Our goal was to improve people’s agency around personal finance to empower them to make decisions that will make them happier and as a result healthier.
This is just a brief description of the project. You can learn more here.

My Role

We were a team of two designers and we collaborated with researchers, engineers and service designers at Alpha Health.

The Methodology

Since we were starting from a completely blank slate, we had to first research what exactly the problem was, and the target audience and go through many rounds of prototyping and testing before we landed on our service idea.

Discovery

People are irrational and behaved uniquely when it comes to managing their money but financial services are designed for rational behaviour and usually one-size-fits-all. We investigated what problems people faced when managing their money and what opportunities existed in the financial services market.

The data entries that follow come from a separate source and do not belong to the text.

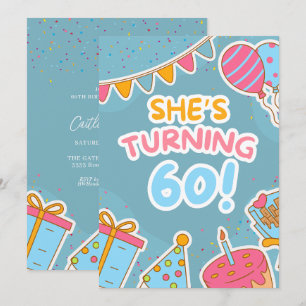 Invitation Fête colorée du 60e anniversaire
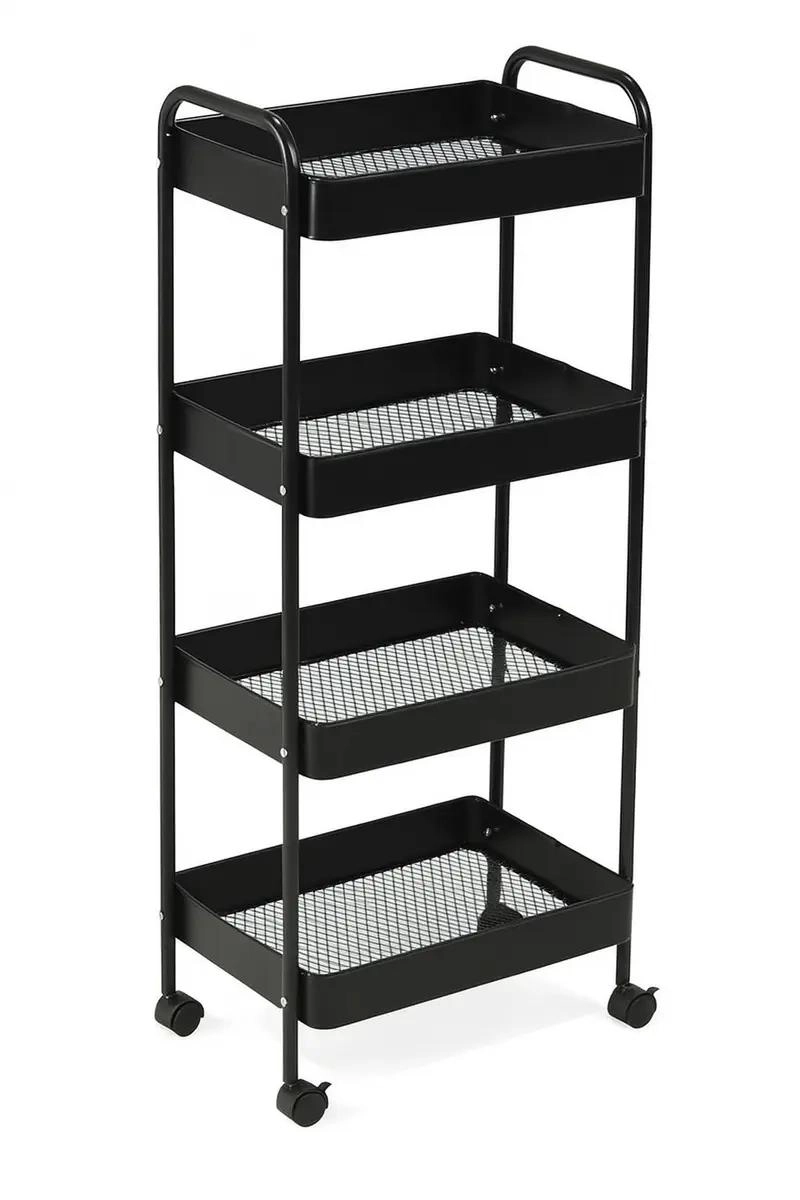 CARRITO ORGANIZADOR MULTIUSO 4 ESTANTES CON RUEDAS PARA HOGAR - 5
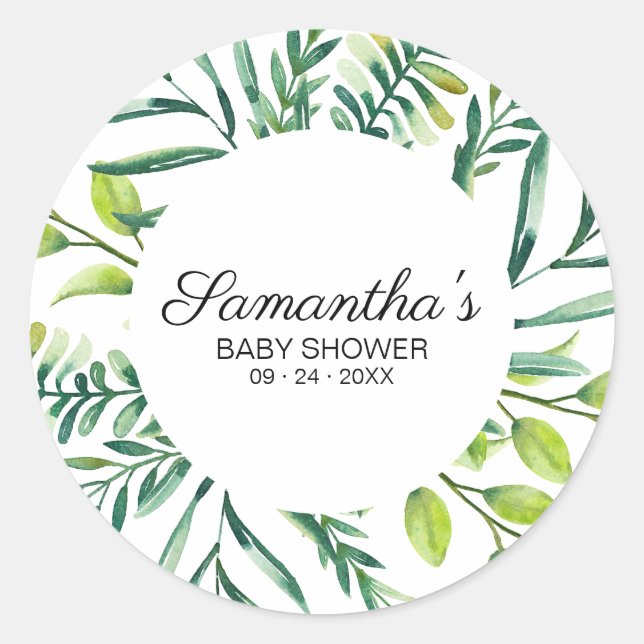 Sticker Rond Verdure Wreath Aquarelle botanique moderne (Devant)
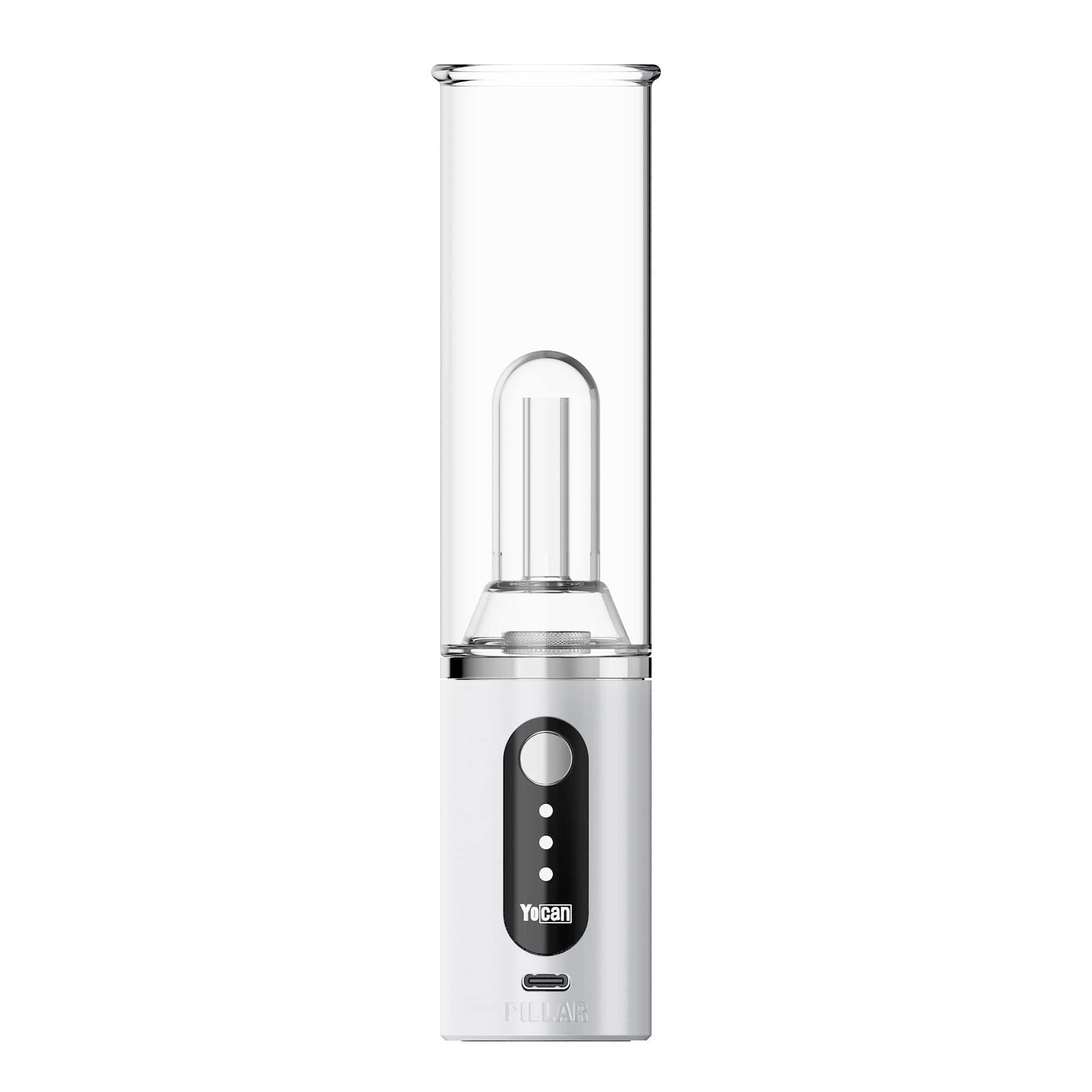 Front view of the Yocan Pillar TGT Tech Electric Dab Rig, showcasing its sleek, cylindrical shape and metallic finish.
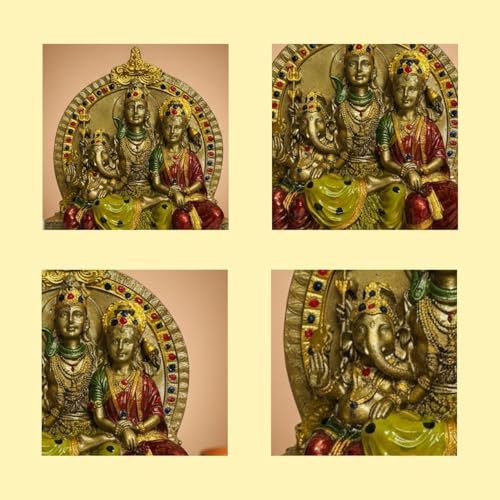 Image of Servdharm Resin Shiv Parivar Murti Idol 7.3 inch Shiva Parvati Ganesh God Idol Murti Statue God Idols Showpiece Figurine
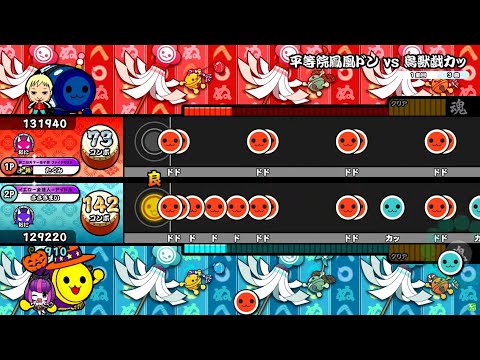 【太鼓の達人ニジイロver.】平等院鳳凰ドン vs 鳥獣戯カッ 表裏ツイン全良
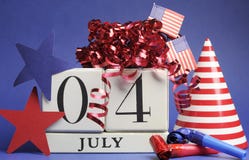Fourth of July celebration, save the date white block calendar Royalty Free Stock Photos Fourth of July celebration, save the date white block calendar Royalty Free Stock Photos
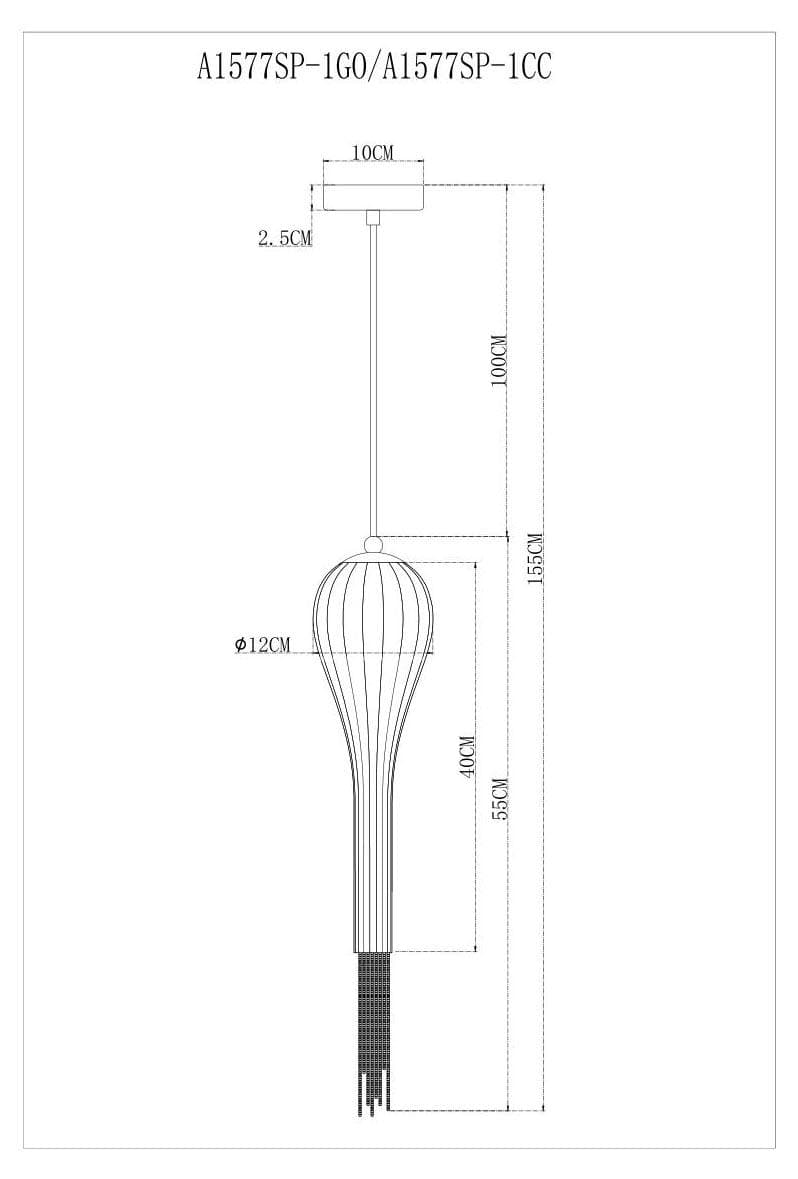 Arte Lamp A1577SP-1GO Подвесы — миниатюра 3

Psychology and Financial Behaviour

We also looked at how psychology influenced financial behaviour and discovered an interesting study from Cambridge University, which found that people who spent more money on purchases that matched their personality, were happier. What’s even more fascinating is that matching spending with personality showed a bigger effect on someone’s happiness than their income after a certain point or total spending.

Insights

Prototyping

We brainstormed many different concepts and then prototyped them to see if they had any viability among our target audience. Many of them failed but each round of testing helped us understand which features of the service were desirable and fine tune our concepts.

Learnings

1. Showing people their data and personalising financial advice can trigger behaviour change.
2. Promising wellbeing and happiness to the user by changing their money habits didn’t resonate.
3. People value what experiences and activities they can do with their balance rather than just in money terms.
4. Financial benefit/lifestyle incentives are the main reasons why people use financial services.

Service Proposition

Spark is a service that helps you discover your financial personality to align it with your consumption and help you make better financial decisions in order to achieve financial health and wellbeing.

Users take a money personality test to learn about their financial behaviour

Users can connect their bank accounts to get spending and saving recommendations

Users get tailored tips based on their personality profile as well as their spending data

Gamification to reward users for good behaviour

Outcomes & Learning

Testing Spark showed that there was real viability to turn into a real service. We won funding from Alpha Health and won a spot at Innovation RCA to build a MVP and start our own business. Spark eventually ended up being Quirk and you can learn more about it here.

How to test a product in creative ways
We used a variety of methods to understand if users actually valued Spark. We ran surveys, tested visual concepts with users, simulated services ourselves, watched people use our product live and ran ads on facebook, snapchat and instagram to see which features and ideas led to the highest conversion.

Starting from scratch several times
A lot of the first ideas we came up with flat out failed with customers, so we had to discard, refine and come up with new ideas to finally land on a service that users could see themselves using.

Thinking about the market and business model
Often in design projects, we don’t have to consider how a service or proposition will cost and if it can be profitable. We had to make sure the service we came up with also was one that users would pay to use.